Christopher Holroyd said:
			
		

> ¿Padecer la resaca?


Bueno, yo lo digo igual que Olivia, "tener resaca". Pero seguramente también se utiliza "padecer" al menos yo lo entendería igual.

Mei


----------



## Inés06

Christopher Holroyd said:
			
		

> ¿Padecer la resaca?


Simplemente: tener resaca.


----------



## oliviaF

tener resaca (lo de padecer es más formal y no he oido a nadie que lo use para decir que tiene resaca)


----------



## Inés06

En España: tener resaca
En Méjico: tener la cruda (citando al ilustre danielfranco )

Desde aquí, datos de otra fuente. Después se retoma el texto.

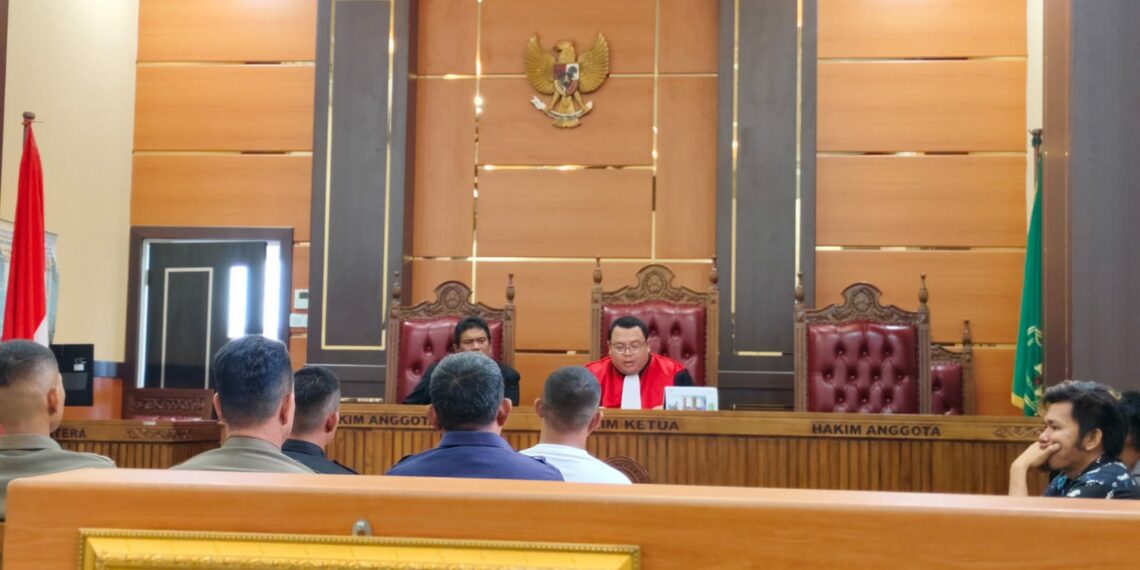 Melanggar Perda, Pengadilan Negeri Padang Sidang 4 Pedagang Kaki Lima dan 1 Pemilik Kafe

¡Que alguien amplíe la lista, por favor!


----------



## Magdalenaa

gatitolola said:
			
		

> ¿¿ to BE a hangover / to HAVE a hangover ??


Estar de resaca


----------



## piglet

Today I am HUNGOVER/she is hungover etc (to be a hangover is incorrect)
I have a HANGOVER today.. (actually I had a hangover yesterday / i was very hungover!)


----------



## jagarciu

En colombia tener guayabo!!!!


----------



## akinmd03

También en Venezuela, tener un ratón, en Chile, tener la mona, y en América Central, estar de goma. Creo que muchos países tendrán su propia expresión. En cambio en ingles solamente "I'm hungover" or "I have a hangover."


----------



## gatitolola

entonces, se pueden usar los verbos TO BE y TO HAVE indistintamente, no?

pero... como es: con A o sin?? 
(to be hangover/ to be A hangover; to have hangover/to have A hangover)


----------



## danielfranco

Creo que si necesitas decir "have A hangover".
En inglés también hay otra expresión poco amable (bueno, más bien grosera) para la "resaca": *sh*t-faced*. Y esa si se dice definitivamente con el verbo "to be": "I'm so sh*t-faced, dude!"
Hay varias diferentes, también.


----------



## Borderer

You can say: I AM *hungover* (adjectivo) or I HAVE A *hangover *(nombre).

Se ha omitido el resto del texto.